First, it would need to be light. Think along the lines of one of those two-hundred-and-something MPG concept cars made by VW: Just enough room for two people, or one person and a few bags of groceries.
However, there are advantages to in-wheel motors.
First, you have no transmission, just wires. No transmission means that you have a more reliable design, and front-wheel-drive is easy. Heck, you can make the entire car tilt into turns.
Second, you have no moving parts outside of the wheel itself. These are brushless motors, computer controlled instead of using stators.
Third, weight position: You can put the battery wherever you want.
Although it would be much smaller than we're used to, an efficient electric would likely be very sporty. Because you can make the car lean into curves very easily (no transmission!), an electric could easily out-corner almost anything. And, due to high low-end torque, it would easily "leap off the starting line".
Cost:
And here's the all-important pricetag section.
2x Crystalyte wheels w/ in-wheel motors: 800$.
2x 48v Crystalyte 48v/40A ESCs: 420$.
1x El Humongous lithium battery pack: 2,000$
1x grip controller: 40$
4x inexpensive disc brake sets (for bicycles): 80$
2x Front wheels: 100$
Assorted steel tubing and cable: About 200$
Total cost: 3,700$.
This seems insane, certianly, but consider the cost of a small used car. Although you're limited to about two grocery bags of storage capacity, this is pretty economical.
Also considert that this is a one-off. If thousands were made, the cost would be about 2,500$, making them great vehicles for college students, or as secondary cars for people who own sedands for driving large distances.
Maintenance and Upkeep:
One of the major costs of any vehicle is fuel. However, another, possibly larger cost, is upkeep.
Let's examine the two.
Gas: $2.50 a gallon, for an estimated 30 miles in a small car.

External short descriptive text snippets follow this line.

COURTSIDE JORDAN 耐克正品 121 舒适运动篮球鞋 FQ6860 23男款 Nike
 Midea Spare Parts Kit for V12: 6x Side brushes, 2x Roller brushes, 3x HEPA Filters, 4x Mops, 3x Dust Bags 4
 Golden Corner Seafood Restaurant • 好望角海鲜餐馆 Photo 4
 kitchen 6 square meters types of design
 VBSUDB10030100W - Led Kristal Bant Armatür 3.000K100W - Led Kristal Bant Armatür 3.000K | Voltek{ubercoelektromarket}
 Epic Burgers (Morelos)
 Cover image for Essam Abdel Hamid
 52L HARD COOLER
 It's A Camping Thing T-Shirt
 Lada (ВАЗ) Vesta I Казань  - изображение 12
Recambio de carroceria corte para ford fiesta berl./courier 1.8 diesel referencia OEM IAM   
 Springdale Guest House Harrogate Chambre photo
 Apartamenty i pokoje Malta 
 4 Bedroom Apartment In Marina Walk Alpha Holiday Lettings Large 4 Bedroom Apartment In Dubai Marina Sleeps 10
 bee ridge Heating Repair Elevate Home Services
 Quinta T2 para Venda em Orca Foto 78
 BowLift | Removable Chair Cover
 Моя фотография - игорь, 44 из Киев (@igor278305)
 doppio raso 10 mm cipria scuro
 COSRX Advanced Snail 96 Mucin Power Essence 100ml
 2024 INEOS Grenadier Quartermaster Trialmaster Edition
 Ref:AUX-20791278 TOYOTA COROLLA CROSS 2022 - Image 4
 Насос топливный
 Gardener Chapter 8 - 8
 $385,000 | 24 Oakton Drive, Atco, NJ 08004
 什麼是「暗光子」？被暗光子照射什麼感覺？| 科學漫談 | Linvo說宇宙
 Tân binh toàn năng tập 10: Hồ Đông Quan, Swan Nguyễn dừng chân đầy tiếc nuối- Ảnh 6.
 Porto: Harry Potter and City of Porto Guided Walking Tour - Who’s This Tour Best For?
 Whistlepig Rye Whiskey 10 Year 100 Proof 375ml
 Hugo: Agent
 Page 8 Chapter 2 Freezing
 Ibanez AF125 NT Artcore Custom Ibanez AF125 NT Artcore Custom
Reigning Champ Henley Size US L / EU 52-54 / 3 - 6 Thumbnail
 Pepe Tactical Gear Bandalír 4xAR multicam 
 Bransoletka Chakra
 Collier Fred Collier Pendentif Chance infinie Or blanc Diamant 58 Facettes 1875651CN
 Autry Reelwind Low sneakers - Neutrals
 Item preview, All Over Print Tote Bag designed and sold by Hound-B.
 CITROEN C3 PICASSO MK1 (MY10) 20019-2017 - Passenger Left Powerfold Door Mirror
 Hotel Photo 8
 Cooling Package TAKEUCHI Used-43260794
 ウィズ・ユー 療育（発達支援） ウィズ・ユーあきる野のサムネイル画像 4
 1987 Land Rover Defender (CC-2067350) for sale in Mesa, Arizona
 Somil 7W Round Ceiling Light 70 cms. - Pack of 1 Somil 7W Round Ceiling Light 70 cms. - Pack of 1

Electric: $0.30 for 3 kilowatts, yielding 30+ miles from an electric car based around two of the above motors. Or free, if you plug it into a city outlet in a city like, say, Green Bay.
But there are further advantages.
Parking: A small electric car could easily be stood up on end. After all, it would only weigh about 150 lbs. In this way, you could fit about ten electric cars in the same space as a SUV, and probbably find a way to avoid paying for parking.
Idling: Gasoline engines suck down fuel when idling. Electric motors will happily sit in traffic for hours, and pull no power at all. A 25mpg car will often get about ten miles per gallon in LA traffic; an electric motor will have a very small drop in efficiency.
And then there's maintenance.
Your average car can cost $1,000-$2000 or more a year, between transmission fluid, brakes, and other assorted problems. Brake pads cost hundreds, as do tires.
On the other hand, an electric car costs very little. Although a new battery every few years means a 600$ average yearly expenditure, you have to consider that an electric bike according to the above specs would be otherwise very cheap.
Bike tires: About 20$ for okay ones, or 80$ for all 4. You'd need new ones every six months, but you can move to mountian bike tires during the winter with little difficulty. Tire replacement costs about 6$ at my local bike shop with purchase. Inner tubes are 10$ installed.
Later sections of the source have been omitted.